Justement, il y a eu un grand débat national. Quelles annonces du président attendez-vous ?
"Absolument rien. Je ne crois pas du tout que les cahiers de doléances et les débats citoyens permettent de tirer un bilan des préoccupations des Français. La manière dont cela a été organisé, le fait que les questions étaient contraintes : tout a été précisément fait pour qu’aucune revendication ne puisse véritablement émerger. Une très large majorité des Français sont pour le RIC (référendum d’initiative citoyenne). C’est drôle, mais cela n’apparaît pas dans le rendu du grand débat ! Les Français ne veulent plus d’immigration supplémentaire. C’est drôle, mais là non plus !"
Une préoccupation exprimée dans le grand débat est la prise en charge de la dépendance. Comment la financer ?
"Il faut taxer à hauteur de 5 % du chiffre d’affaires les GAFA (NDLR : Google, Apple, Facebook, Amazon). La taxation proposée aujourd’hui (NDLR : 3 % dans la loi) pour certaines entreprises) est dérisoire."
Jean-Marie Le Pen achève mardi sa carrière politique à l’occasion de la dernière session du Parlement européen. Lui tirez-vous votre chapeau ?
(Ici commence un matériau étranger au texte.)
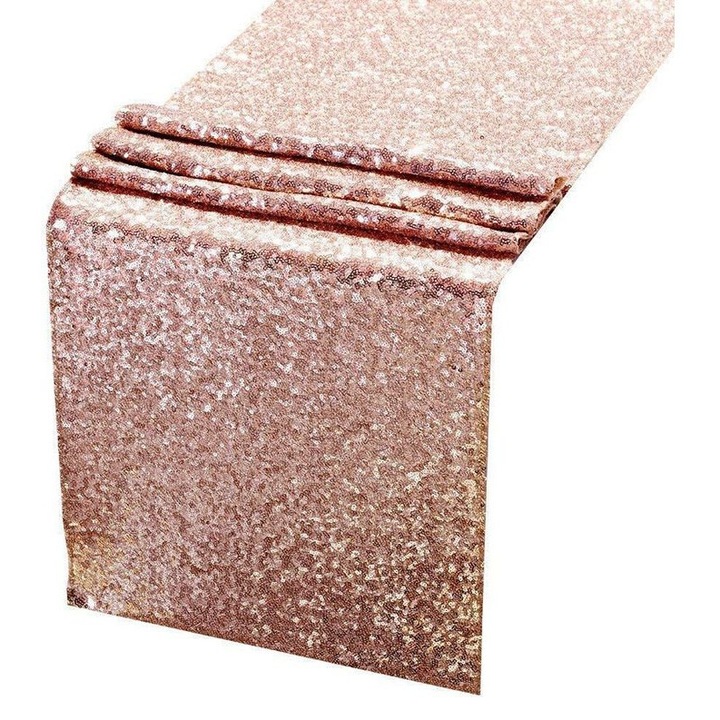 Asztali futó flitterekkel K0473-0717-TMCJ-13716, 3 mm-es flitterek, fényes, rózsaarany, 30 x 300 cm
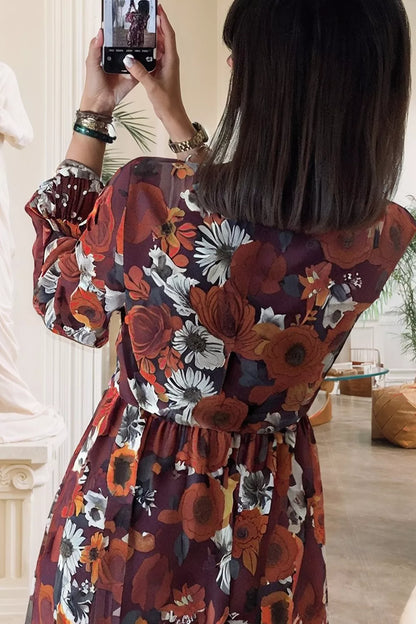 Hazel Blues® |  Floral Print Balloon Sleeve Mini Dress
"Bien sûr. Je ne peux que lui tirer mon chapeau pour l’ensemble de sa carrière. Le moins que l’on puisse dire, c’est qu’il a combattu. Si la grande et belle idée de nation est aujourd’hui aussi prisée, c’est parce qu’au moment où son idée même était considérée comme un concept ringard, il l’a défendu. Il a soufflé sur la petite flamme de la nation qui reprend aujourd’hui toute sa place."